Pharmacy Education in UAE: Are we moving in the right direction?
Dr. Sherief Khalifa
Dr. Sherief Khalifa

Pharmacy education in the modern world focuses on providing students with knowledge, skills and attitude that enable the graduates to perform the role of the pharmacist as a health care professional, working side by side with rest of the healthcare team. Since the pharmacy profession today is about patient care and putting patients first, any modern pharmacy curriculum around the world will provide a balance of courses and experiences that enables the pharmacy graduate to fulfill the noble role of the pharmacist in providing the best possible patient care, as it relates to the safe and effective use of medicine.

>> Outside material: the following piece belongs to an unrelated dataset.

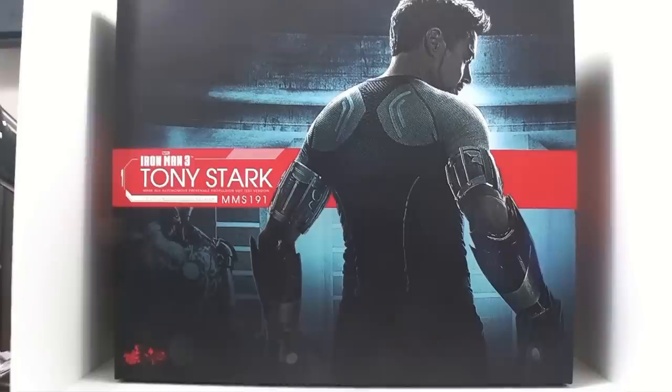This is Dr. Bonham and I'm just coming to you with another video review. Today, thanks to the folks at Sideshow Collectibles, we'll be taking a look at the new MMS-191 Iron Man 3 Tony Stark: the Mark 42 Autonomous Prehensile Propulsion Suit Test Version.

A general belief is that pharmacist’s role beyond dispensing medication may be unnecessary and expensive and can be covered by physicians or nurses. Experience around the world has shown otherwise. The pharmacist role in patient care has been shown to reduce medication errors that often lead to serious health problems. It also leads to less patient suffering and a reduced social and economic burden where patients are expected to require less hospitalization, emergency room visits and hospital readmissions.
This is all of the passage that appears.